A Christian school in suburban Chicago was vandalized on the morning of October 15, just hours before it hosted an event sponsored by the pro-family group Americans for Truth About Homosexuality (AFTAH). According to one local news report, when administrators for Christian Liberty Academy in Arlington Heights arrived at the facility, “they discovered a number of broken windows and door panes on the east side of the building, which were shattered by bricks, Arlington Heights Police Capt. Nicholas Pecora said.”
While it is not clear exactly who was responsible for the vandalism, the report continued, a note was attached to one of the bricks “which referenced speakers scheduled for a Saturday night banquet at the school, said the Rev. Calvin Lindstrom of Christian Liberty. The note read, ‘This is just a sample of what we will do if you don’t shut down Scott Lively and AFTAH,’ Lindstrom said.”
The banquet, which was not canceled, featured noted Christian speaker and author Erwin Lutzer, pastor of Chicago’s famed Moody Church, along with Scott Lively (above left) of Defending the Family International, who was honored by Americans for Truth with its annual “American Truthteller” award.

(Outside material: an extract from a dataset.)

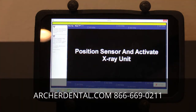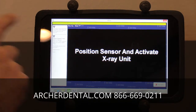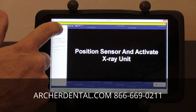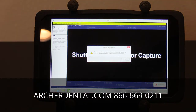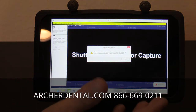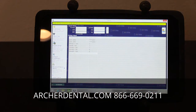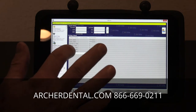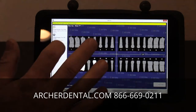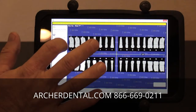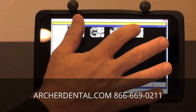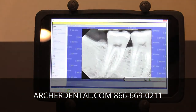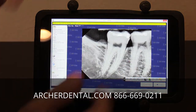Since we don't have a sensor plugged in, it won't activate — but I'll show you what it does just in case. It will tell you 'sensor failure' because there's no sensor plugged in. Otherwise, it would allow you to take the image and you would have an image pop up on the screen like this.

Later in the day, an anonymous message was posted on the website of the Chicago Independent Media Center, implying that the attack was carried out by militant homosexual activists. “In the early morning hours of October 15th, we put two chunks of concrete through the glass windows and doors of the Christian Liberty Academy,” read the post. “We did this because at 6 p.m. today they will be hosting an event organized by the homophobic hate group Americans For Truth About Homosexuality that will be presenting an award to Scott Lively. Lively is an American preacher and founder of the hate group Watchmen on the Walls.”
The anonymous writer recalled that Lively was among the pro-family leaders who had traveled to Uganda to speak to that nation’s leaders about the dangers of normalizing homosexuality. The post blamed Lively’s appearance for the subsequent killing of Ugandan “gay rights” activist David Kisule, who “was murdered after being outed in a newspaper ad that listed names and photos of queer people in the community as a part of an anti-gay campaign that is a result of Scott Lively’s visit.”
The post also targeted Americans for Truth About Homosexuality as a “hate group” that had previously organized “day-trainings for youth anti-gay organizers on how to counter the ‘homosexual agenda’ at the Christian Liberty Academy.”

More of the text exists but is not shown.